The Government's advisory body on trade, science, technology and innovation says changes must be made if the country is to meet demand for skills in this area between now and 2018.
The report also predicts that more than 44,000 job openings in the Information and Communication Technology sector could arise over the next six years in Ireland.
Carried out as part of the Government's Action Plan for Jobs, the report aims to forecast demand for high-level ICT skills between now and 2018.
It found that there were more than 68,000 professionals working in the sector last year.
The agency forecasts that demand for these skills will rise 5% each year, bringing employment in the area to 91,000 in six years' time.
In total, it predicts over 44,000 job openings will arise over the period due to new positions being created and turnover in existing roles.

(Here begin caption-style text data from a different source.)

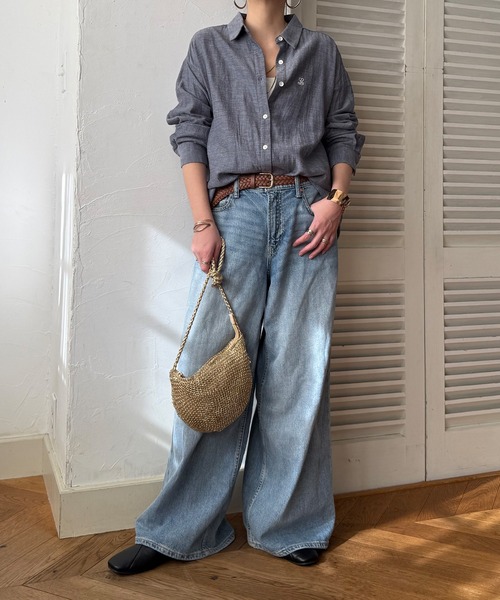 LBC（エルビーシー）の「ダブルガーゼロゴ刺繍オーバーシャツ（シャツ/ブラウス・レディース・ライトブルー/ピンク/ネイビー・M）」の10枚目の写真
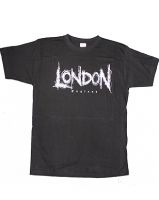 London scribble writing black t-shirt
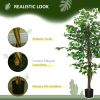 HOMCOM 5ft Artificial Ficus with Pot, Indoor Outdoor Fake Plant for Home Office Living Room D√©cor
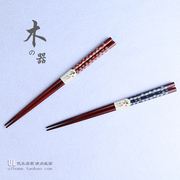 出口日式和风筷子 创意个性筷子 天然原木铁筷 印花木制品筷子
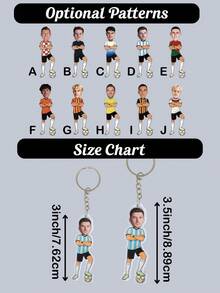 1/3/5Pcs World Cup Custom Soccer Player Photo Keychain, Personalized Name Football Keyring, Heartwarming Fan Keepsake, Lovely Game Day Sports Souvenir - Multicolor 4 - View 4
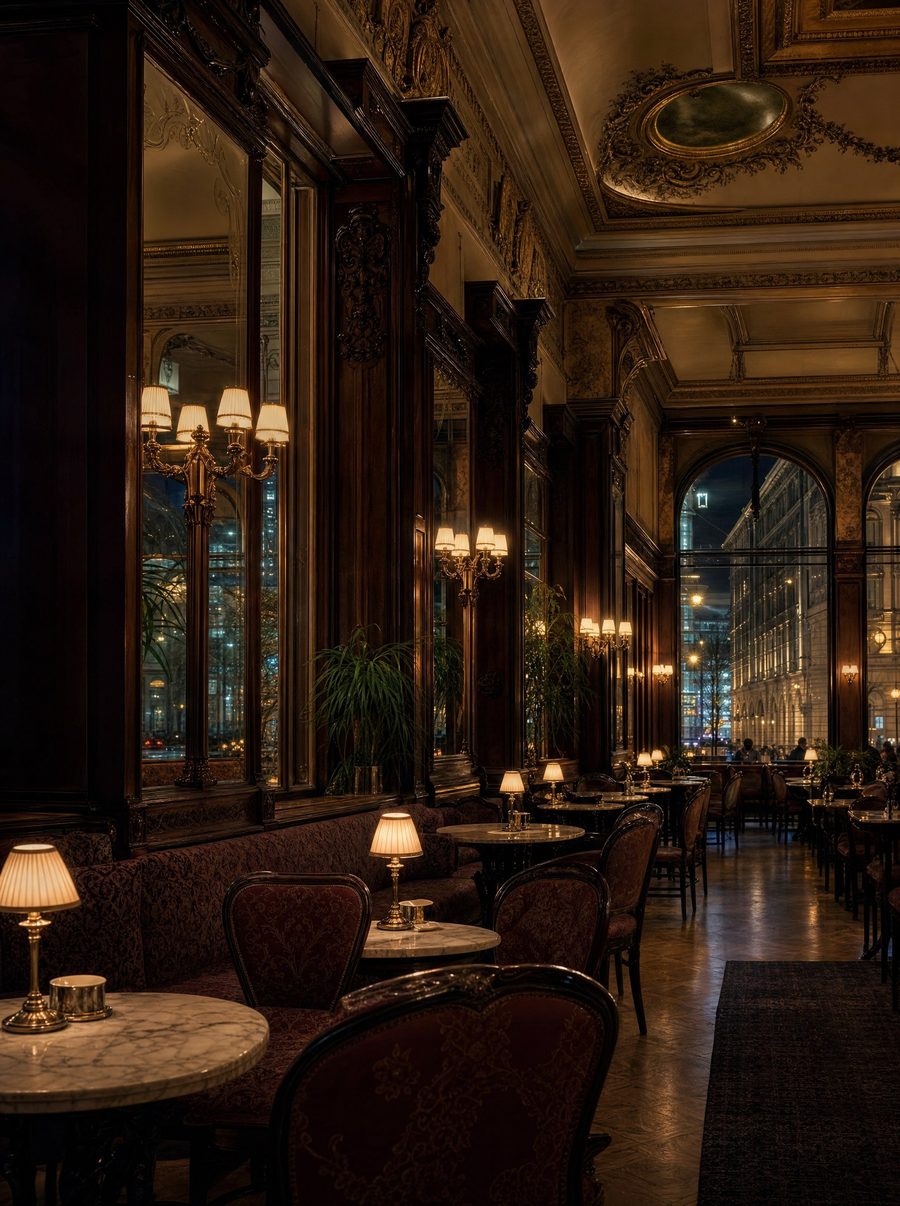 Classic ornate Viennese coffeehouse interior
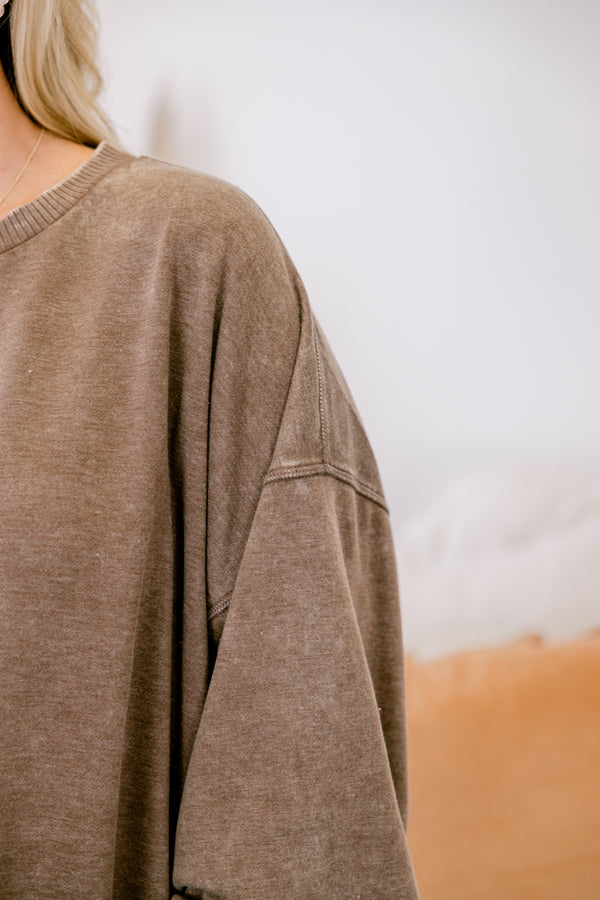 Chic Soul plus size clothing, mocha colored long sleeve pullover 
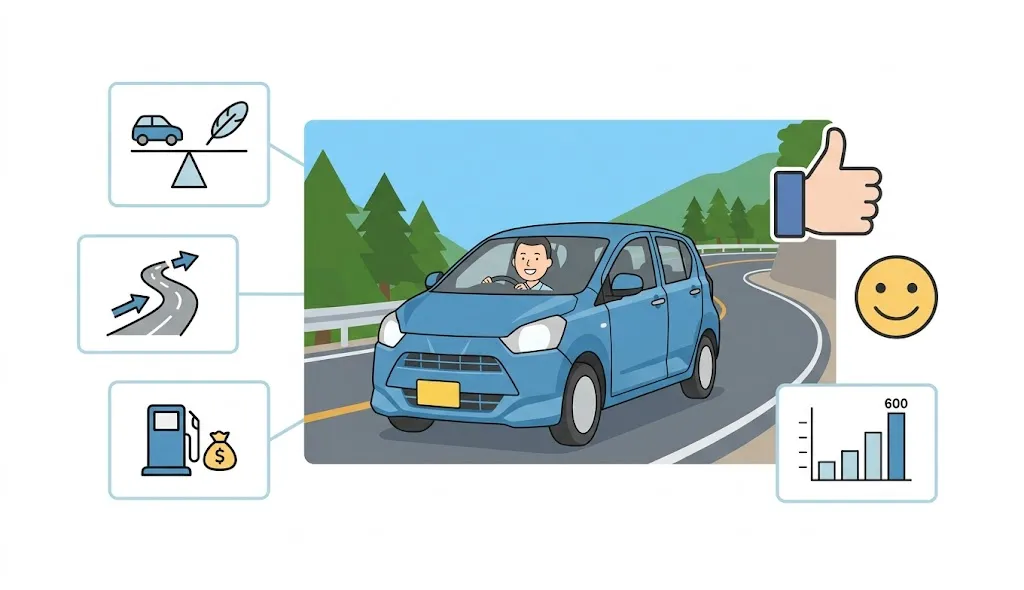 ミライースが速いと感じる条件と評価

However, in order to meet demand, the report warns all potential policy measures will have to be utilised.
These include education, training, reskilling, continuing professional development and the attraction of international talent into Ireland.
It recommends a range of initiatives, including measures to boost the quantity and quality of those with ICT skills.
It also suggests steps be taken to attract more talent, especially women, into ICT careers and to promote Ireland abroad as a centre of global ICT talent.
Forfás Chief Executive Martin Shanahan says more women need to be encouraged to consider careers in the ICT sector.
The policy advisory board says demand from both multinationals and indigenous Irish companies for graduates will continue to grow.
Mr Shanahan says it is important that the focus on science, engineering and maths continues in mainstream education.
He said: "Certainly the profile at the moment is skewed heavily towards male students going into these programmes and into these professions and we would like to see more women.
"It's a significant potential source and other countries do better in this area currently and there are probably some lessons we can learn from them."